For regulated workflows where inadvertent disclosure creates legal, financial, and reputational harm, the risk-dominant failure modes are not “model quality” issues but custody and control: feature carve-outs that store or cache data, abuse-monitoring and derived telemetry, operational access planes, tool/browsing egress, and legal-hold/compelled disclosure dynamics that can override normal retention promises.

Enterprise APIs marketed as “no data retention/ZDR” are frequently conditional and scope-limited, and they introduce an additional, structural problem: lack of verifiability. Because critical controls (logging behavior, internal access, incident response handling, backup/replication deletion semantics, and legal preservation) are ultimately implemented and enforced by a third party, customers often cannot independently prove end-to-end non-persistence or non-access—creating both known residual exposure and unknown exposure from opaque or changing internal systems and processes.

By contrast, Imbrulo’s dedicated-tenant and especially on-prem options are designed to minimize third-party custody, narrow the blast radius, and support stronger isolation and governance, making Imbrulo the lowest-risk path for high-sensitivity regulated use; many alternative enterprise API approaches can produce risk profiles that are difficult to substantiate in audit and may be untenable under strict confidentiality, privilege, or regulatory obligations.

InfoSec for Enterprise API - Quick FAQ

Q: Does “no data retention” mean nothing is stored anywhere?
A: Not necessarily.
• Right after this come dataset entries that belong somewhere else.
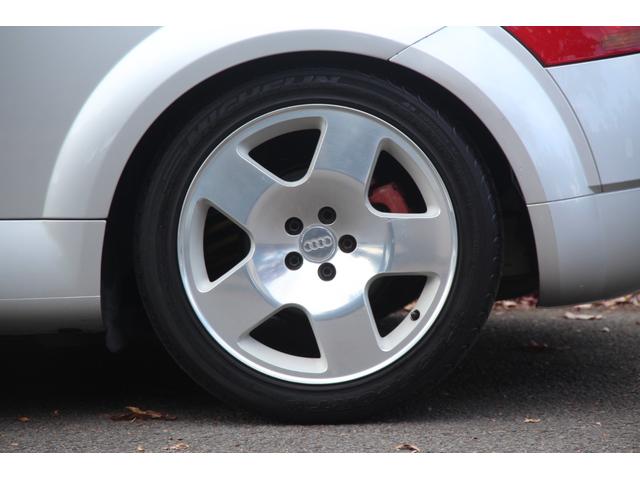 TTクーペ 1.8Tクワトロ 左H/6速MT/社外オーディオ/スピーカー/キーレス/スペアキー/ハーフレザーシート/シートヒーター/(7枚目)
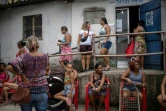 Des femmes font la queue pour une distribution de nourriture dans une favela de Rio de Janeiro, le 7 avril 2020 au Brésil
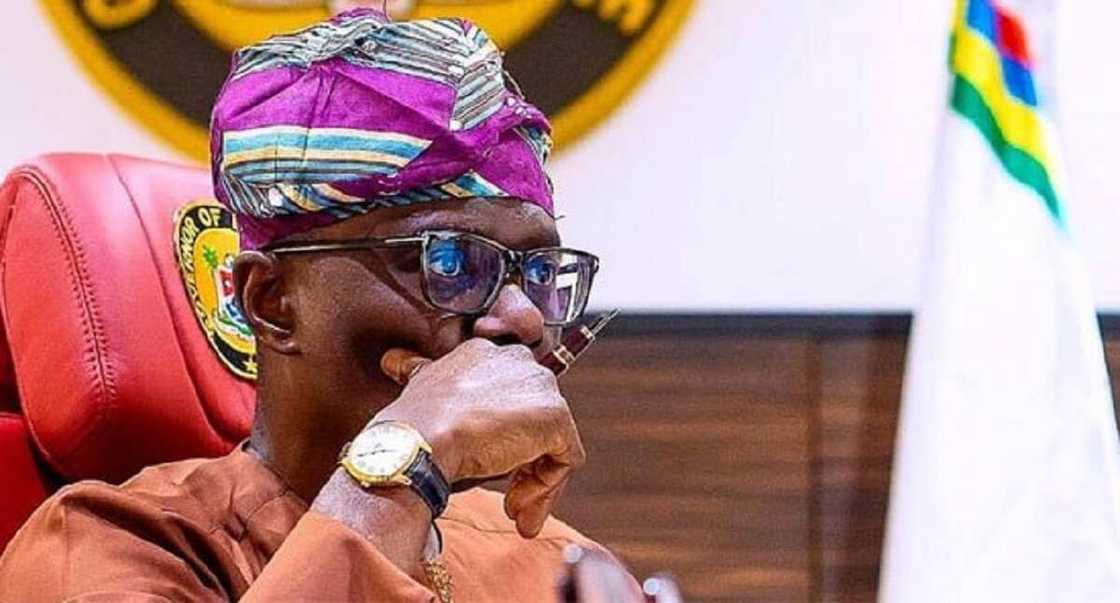 Tarwatsa masu zanga-zangar EndSARS: Sanwo-Olu ya alakanta hakan da lamurran da suka fi karfinsa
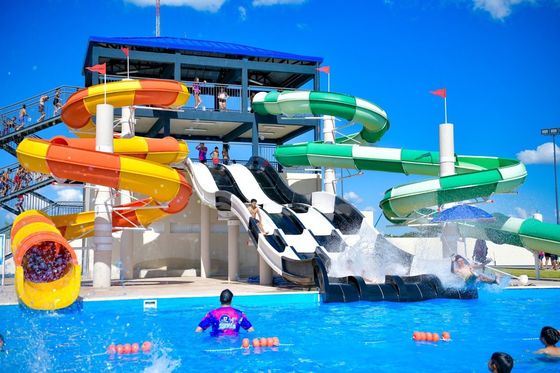 Un buen precio. Divertidos toboganes de fibra de vidrio para piscinas comerciales en línea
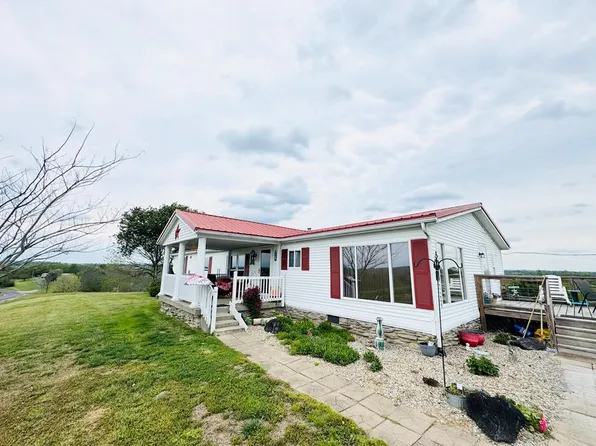 6056 Oakland Rd, Brooksville, KY 41004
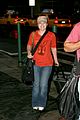 kelly clarkson nyc airport 02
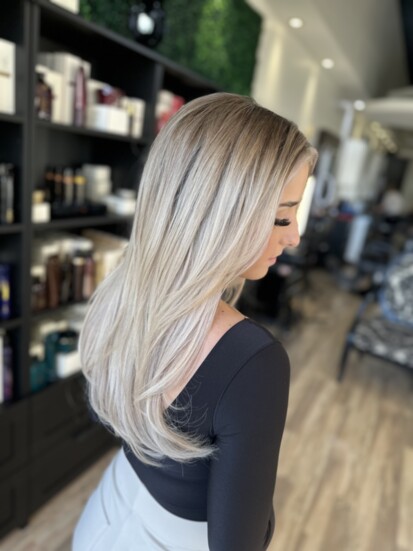 Multi dimensional platinum highlights with extensions.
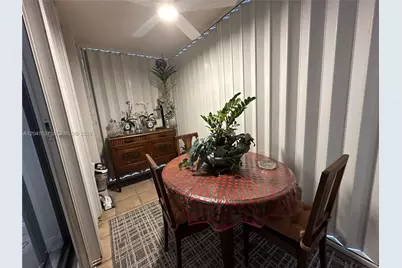 1200 Saint Charles Pl #618, Pembroke Pines, FL 33026 - Photo 9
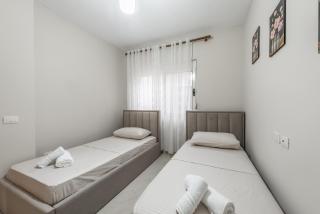 Brand New Apartment- Great location Seafront with pool access - Durazzo - 1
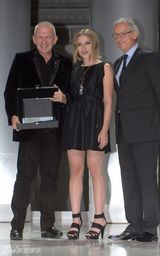 高清组图：斯嘉丽-约翰逊性感造型西班牙时尚走秀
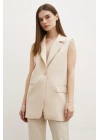 Cep Kapaklı Üç Düğmeli Uzun Yelek Bej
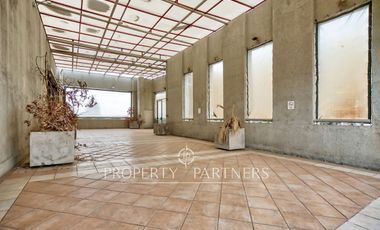 Gran Oficina en Santa Maria, Providencia (UF 0,35 X m2)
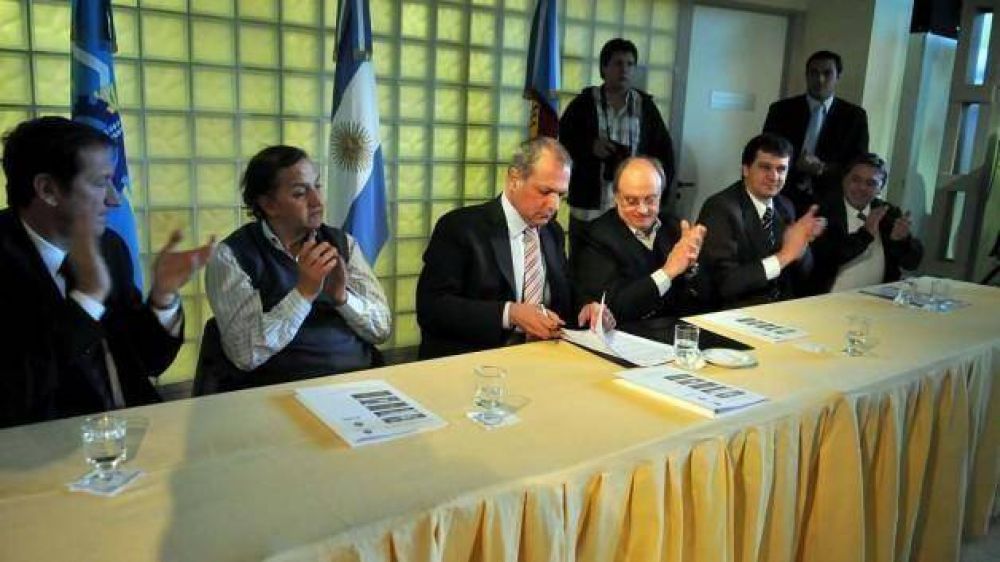 Buzzi en Comodoro: �Acompa�amos a una ciudad y a una provincia que crecen�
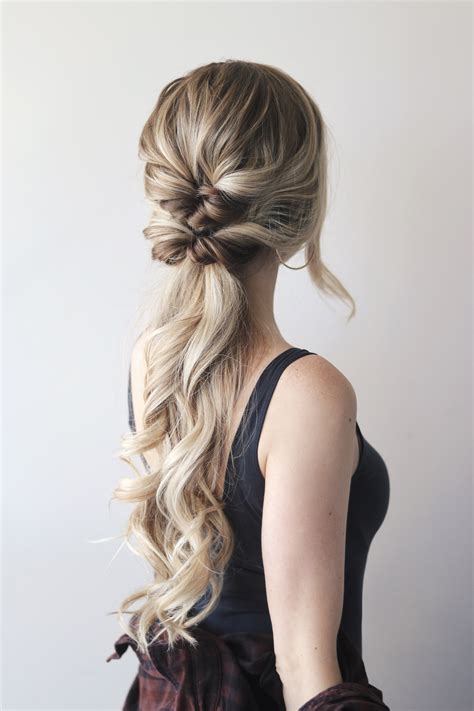 Easy Ponytail Tutorial 的图像结果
Major providers document exceptions based on abuse monitoring, feature-level caching/storage, and legal requirements.

Q: What is the main privacy gap with enterprise APIs, even under ZDR?
A: Third-party custody, feature carve-outs, and operational/legal access paths remain; these are the dominant drivers of high-severity disclosure in regulated matters.

Q: How does Imbrulo reduce this risk?
A: Imbrulo positions dedicated per-firm environments, encryption, configurable retention, audit logging, and an on-prem option to keep data in the customer network.

Q: What controls should we require regardless of vendor?
A: Disable/strictly govern tool egress, enforce endpoint/feature allowlists, define retention precisely (including derived telemetry and backups), and require auditable support access.

Vendor Security Questions

Still considering use of AI provided via an Enterprise API? Ask the following questions of the provider and make sure you get comprehensive responses before committing.

  1. Enumerate all products/endpoints/features included in “ZDR/no retention” and all exclusions.
  2. Describe abuse monitoring: what is logged (content vs derived metadata), where stored, how long, who can access.
  3. Identify features that persist state: prompt caching, stored outputs, file APIs, grounding/browsing/connectors; document retention per feature.
  4. Define support access controls and auditing (employee/contractor access, approvals, exportable logs).
  5. Clarify legal process handling: notification, scope minimization, and preservation behavior.
  6. Provide deletion semantics for content, metadata, and backups; specify any verified deletion options.
  7. Provide subprocessor list and change-control commitments.